Once again, he's crazy but it might be the right sort of crazy. With the Trump administration leaning towards scrapping the open-ended and expensive Mars objective in favour of returning to the Moon, proving that one's commercial product could handle cargo and crew delivery to cis-Lunar space is a bit of commercial good sense.

It is quite possible that Musk is planning to get his ship to the Moon in December 2018, the hemicenteniary of Apollo 8 (the first time humans had ever left the Earth's sphere of influence). It's a mostly meaningless milestone in practical terms but would have powerful symbolic value. FWIW, I consider the time-line Musk proposes is probably unachievably aggressive but I believe that this is doable by 2020.

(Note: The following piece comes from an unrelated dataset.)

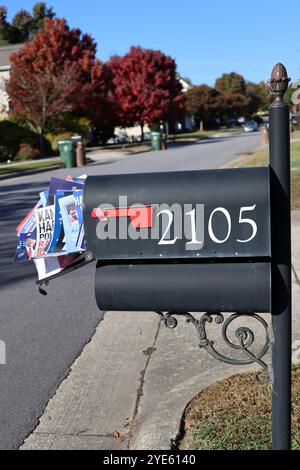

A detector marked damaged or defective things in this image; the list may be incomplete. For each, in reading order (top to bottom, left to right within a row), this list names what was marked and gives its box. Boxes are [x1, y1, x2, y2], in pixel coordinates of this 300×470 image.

sidewalk crack [126, 316, 162, 448]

Regarding NASA's interest in this matter, this may all feed into the possibility of a 'MoonLab' station at EML-2 for various bits of crewed exo-magnetosphere research. This is something that NASA has been toying with as it became clearer that the asteroid redirect and rendezvous mission proposal for the first crewed SLS flight wasn't generating political support. If Falcon Heavy/Dragon can prove this mission profile, then NASA have a CRS provider lined up and ready to go to support any such program. So, it is at least in their best interests to cooperate and encourage.

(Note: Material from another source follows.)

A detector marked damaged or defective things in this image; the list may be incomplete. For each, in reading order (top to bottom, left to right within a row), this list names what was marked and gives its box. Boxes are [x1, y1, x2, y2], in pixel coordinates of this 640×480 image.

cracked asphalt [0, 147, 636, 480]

If SpaceX can rig up an Main Propulsion System (MPS) for the Dragon (maybe a knock-off of the pressure-fed Kestrel engine used on the small Falcon-1), it might even be useful as a crew transfer vehicle for cis-Lunar space, enabling NASA to concentrate SLS on throwing large cargoes (including Boeing's proposed ultra-simple lander) to the Moon or cis-Lunar space. As crewed Falcon Heavy will launch from LC-39A (and any NASA supporting mission will probably have NASA decals on the spacecraft), NASA will be able to claim with a straight face that it is a 'NASA vehicle and mission'.

It would be kind of ironic if the oft-derided CLV/CaLV launch profile happens after all, just with Falcon-9/-Heavy as Crew Launch Vehicle (CLV) and SLS as Cargo Launch Vehicle (CaLV) instead of Ares-I and -V (Yes, I'm suggesting that Falcon-9 could launch a Lunar Dragon to LEO to meet up with the lunar lander and EUS).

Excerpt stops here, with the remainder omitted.